***** Source data *****
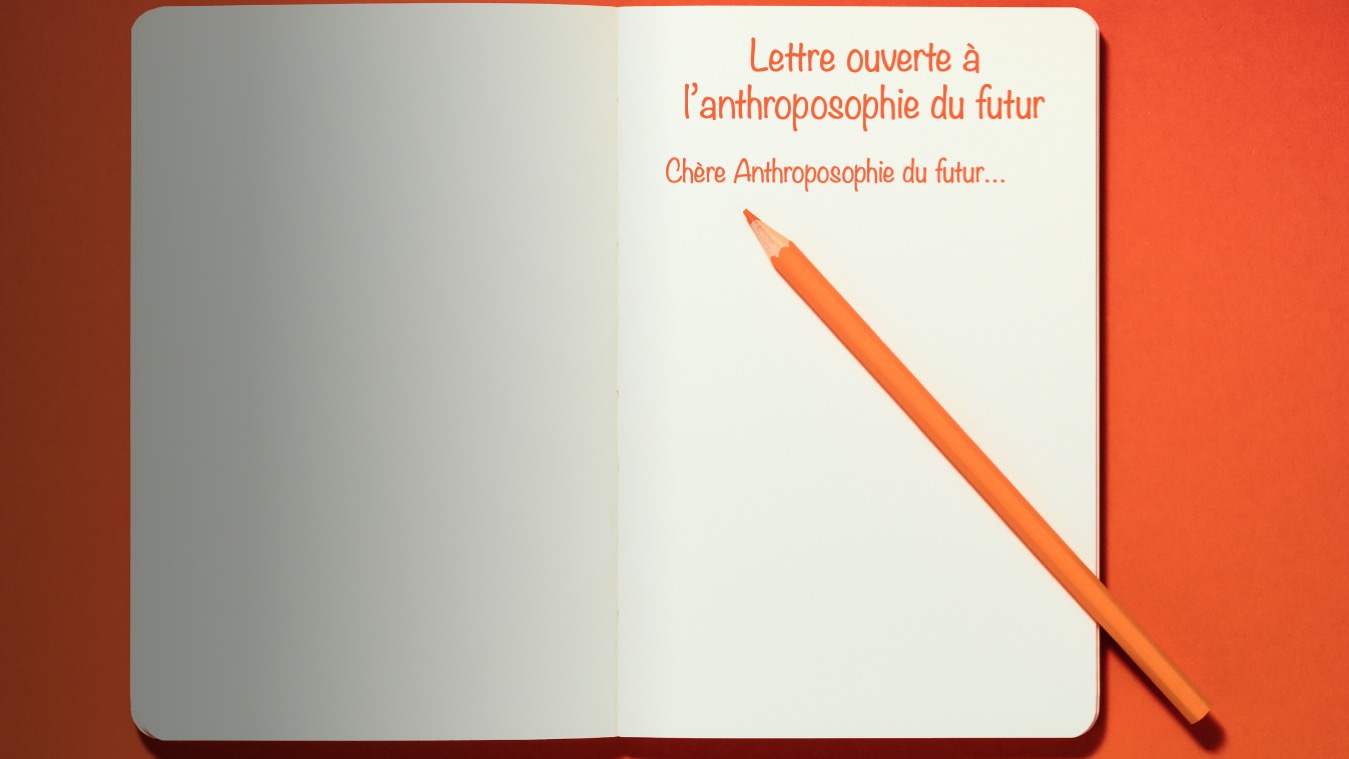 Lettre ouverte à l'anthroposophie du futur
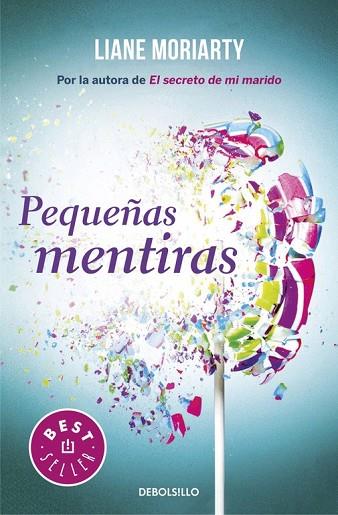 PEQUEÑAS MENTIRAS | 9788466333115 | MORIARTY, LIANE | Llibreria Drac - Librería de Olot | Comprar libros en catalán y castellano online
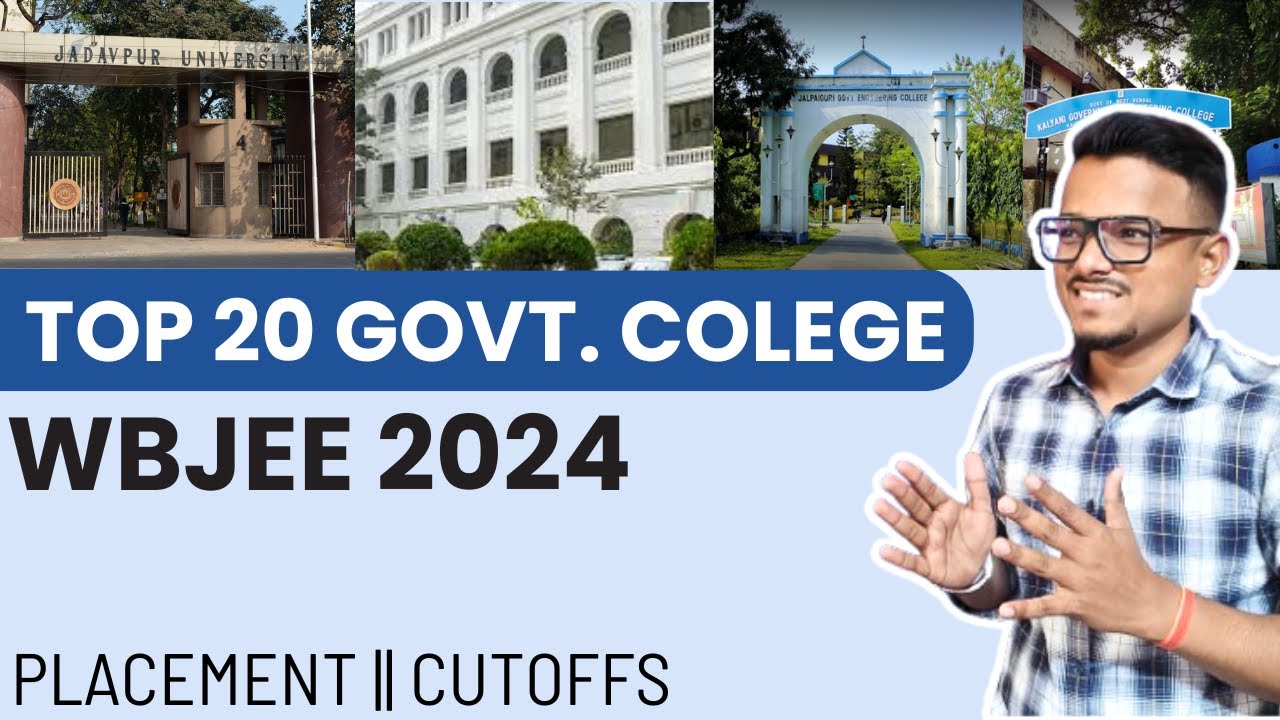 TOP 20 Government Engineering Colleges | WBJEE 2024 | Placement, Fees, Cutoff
*****
***** Source data *****
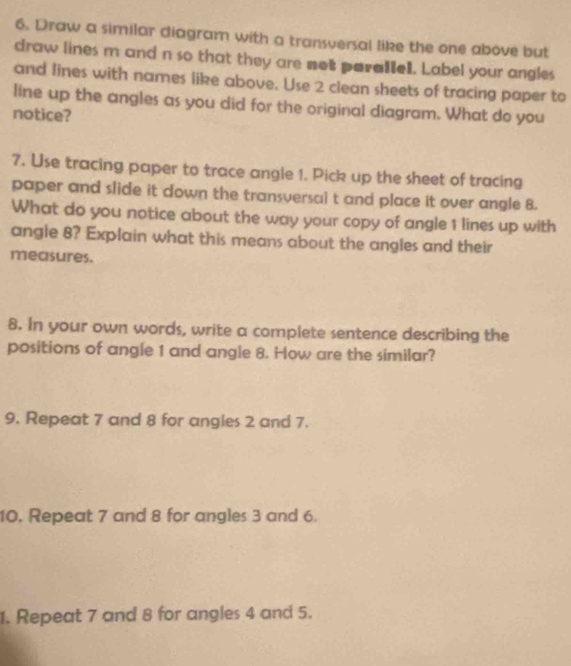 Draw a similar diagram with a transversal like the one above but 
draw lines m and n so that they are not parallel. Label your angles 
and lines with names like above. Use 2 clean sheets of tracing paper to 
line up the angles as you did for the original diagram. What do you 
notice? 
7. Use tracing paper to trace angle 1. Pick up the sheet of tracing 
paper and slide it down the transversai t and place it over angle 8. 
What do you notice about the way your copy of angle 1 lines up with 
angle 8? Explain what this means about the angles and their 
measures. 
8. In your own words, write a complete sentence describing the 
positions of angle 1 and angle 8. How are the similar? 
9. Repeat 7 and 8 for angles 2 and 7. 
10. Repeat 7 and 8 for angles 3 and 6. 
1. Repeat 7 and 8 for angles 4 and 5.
*****
What is being asked: In the listing above, find the line with "8. In your own" and the line with "1. Repeat 7 and 8 for angles 4 and 5.", then print exactly those two lines and every line between them, and nothing more.

Result of this exercise:
8. In your own words, write a complete sentence describing the 
positions of angle 1 and angle 8. How are the similar? 
9. Repeat 7 and 8 for angles 2 and 7. 
10. Repeat 7 and 8 for angles 3 and 6. 
1. Repeat 7 and 8 for angles 4 and 5.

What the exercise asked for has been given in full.